O lar é o lugar mais perigoso para uma mulher, aponta a OMS.
Para a Organização das Nações Unidas, a projeção é de que 70% de todas as mulheres no mundo já sofreram ou irão sofrer algum tipo de violência em algum momento de suas vidas. O estudo da OMS também apontou uma triste constatação: o lar é o lugar mais perigoso para uma mulher.

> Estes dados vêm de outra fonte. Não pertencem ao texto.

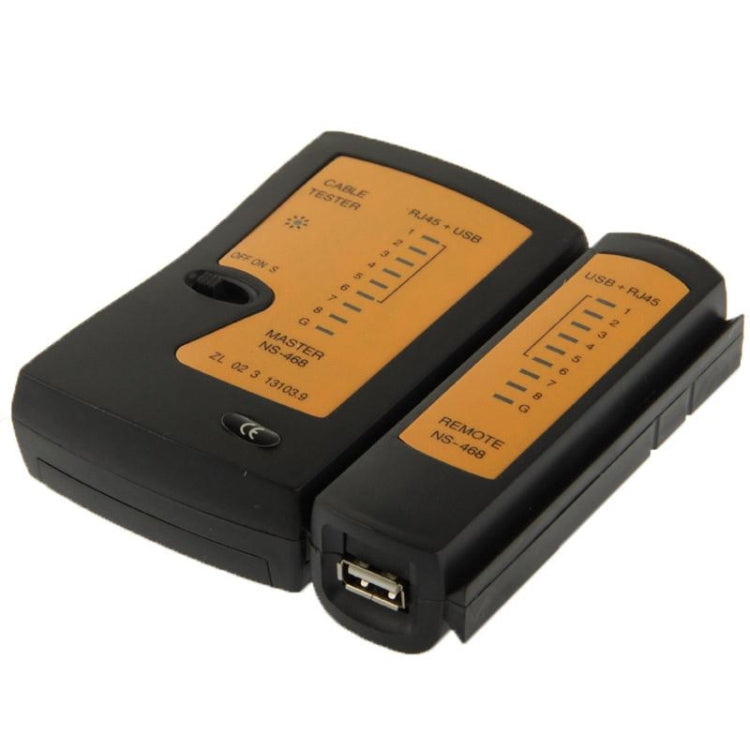 Tester per cavi di rete RJ45 e RJ11, RJ45/RJ11 Black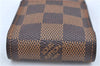Authentic Louis Vuitton Damier Etui Cigarette Case N63024 LV J8299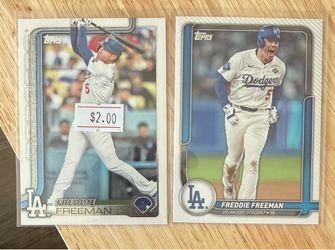 Freddie Freeman trading cards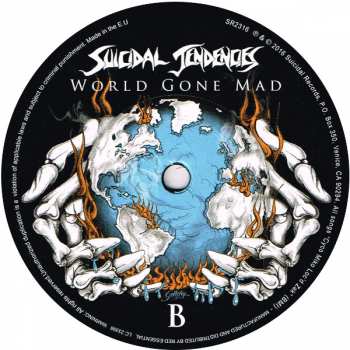 2LP Suicidal Tendencies: World Gone Mad 40829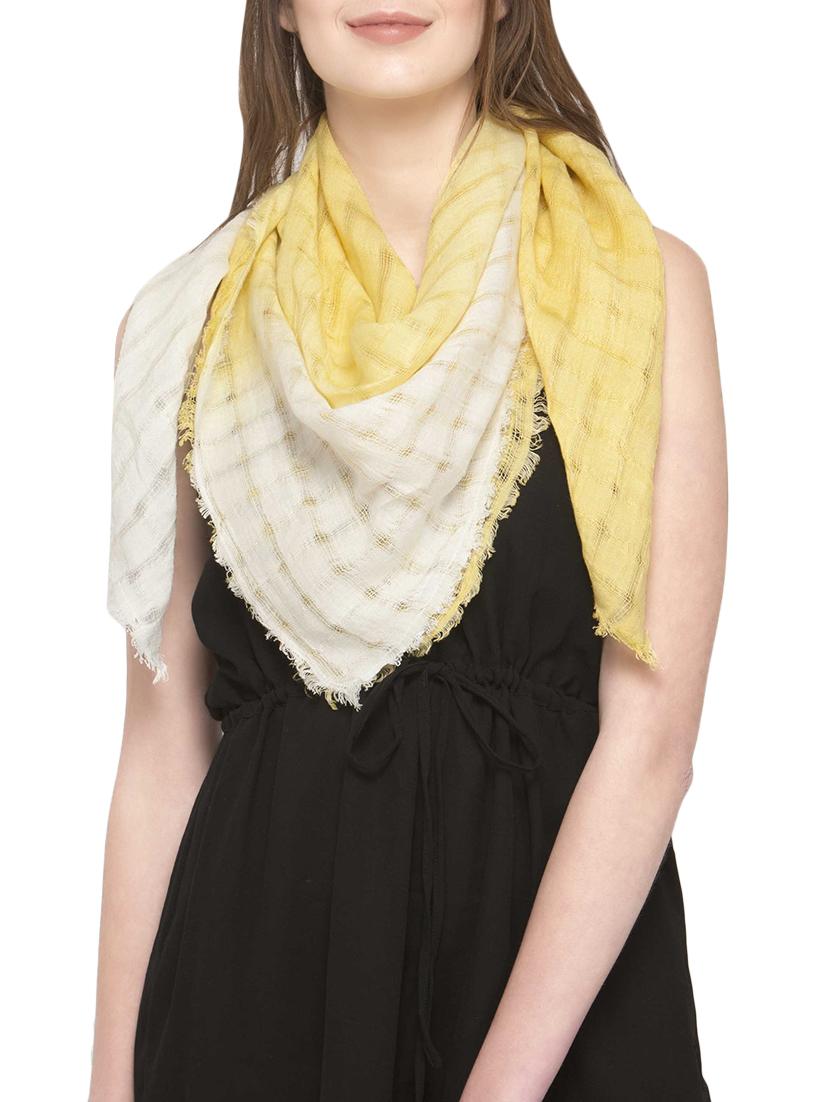 yellow rayon scarf - 14680022 - Zoom Image - 1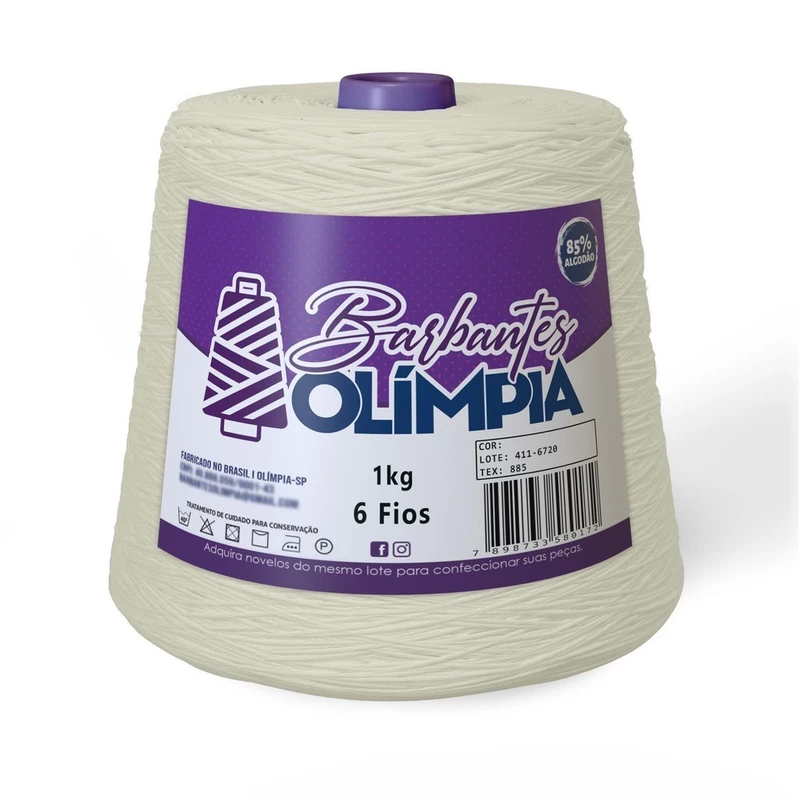 "Barbante Olímpia Fio 6: R$ 29,90 🧶"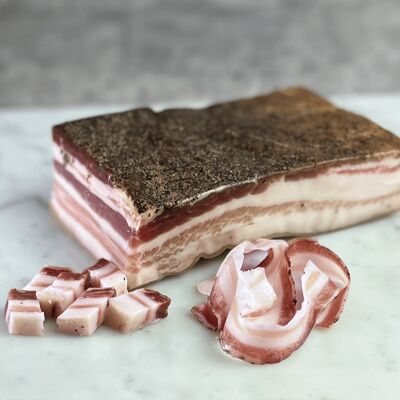 SEASONED COLONNATA BACON - 500 gr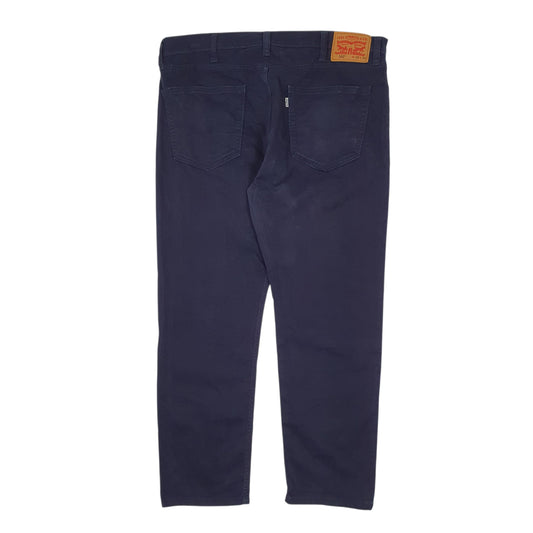 Mens Navy Levis 502 Trousers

Como entender este fluxo de crescente violência? Acompanhe esta série do Pleno.News sobre feminicídio e violência doméstica nas próximas reportagens.
DE ONDE VEM O FEMINICÍDIO
Um homem não acorda em um dia e, de repente, decide que vai matar a companheira. Existe um processo que se inicia com um comportamento emocionalmente doentio. A postura cotidiana vai evidenciando a discriminação, a opressão, a desigualdade e a violência sistemática até a possibilidade do risco de morte contra a mulher. Trata-se de um crime de ódio que começa com agressões verbais e abusos físicos e sexuais. De forma covarde e brutal, inclui torturas e até mutilações. A própria Maria da Penha é uma referência, já que ficou em uma cadeira de rodas após agressões. portanto, a lei define feminicídio como “o assassinato de uma mulher cometido por razões da condição de sexo feminino”.
PROJETO VIOLETA
Funciona desde 2015 no Rio de Janeiro e é um exemplo de iniciativa no país, idealizado pela juíza Adriana Mello. Mobiliza Polícia Civil, Defensoria Pública e Ministério Público. O projeto tem o objetivo de acelerar todo o processo de garantia à proteção máxima das mulheres vítimas de violência doméstica e familiar. Todo o trâmite judicial deve ser feito em cerca de quatro horas: a vítima registra o caso na delegacia, que o encaminha de imediato para apreciação do juiz. Depois de ser ouvida e orientada por uma equipe multidisciplinar do Juizado, ela sai com uma decisão judicial em mãos. O Projeto Violeta funciona no I Juizado de Violência Doméstica, no Palácio da Justiça, centro da cidade do Rio de Janeiro. Ganhou a 11ª edição do Prêmio Innovare.
CASA DA MULHER BRASILEIRA
Recentemente, a ministra da Mulher, Família e Direitos Humanos determinou abrir a Casa da Mulher Brasileira em Brasília, parada há oito meses por interdição da Defesa Civil. O espaço foi criado para oferecer serviços especializados para os mais diversos tipos de violência contra a mulher, como acolhimento, apoio psicossocial, Defensoria Pública, treinamento para autonomia econômica, brinquedoteca para as crianças, alojamento de passagem. A Casa da Mulher Brasileira é uma inovação no atendimento humanizado às mulheres. Possui gestão compartilhada entre a União, os Estados e os municípios.
WOMAN RIGHTS BRASIL
O relatório global 2019 da ONG internacional Humans Rights Watch informou que o Brasil vive uma epidemia de violência doméstica. Com estudos registrados em documento, a pesquisa denuncia que há mais de 1,2 milhão de casos de agressões contra mulheres pendentes na Justiça brasileira. Outro alerta da ONG é sobre o abuso doméstico não notificado. Se em 2017, 4.539 mulheres morreram no Brasil (dados do Fórum Brasileiro de Segurança Pública), apenas 1.333 foram casos tipificados como feminicídio. O número real pode ser bem maior, pois a polícia não registra como feminicídio as ocorrências que não tenham motivação clara.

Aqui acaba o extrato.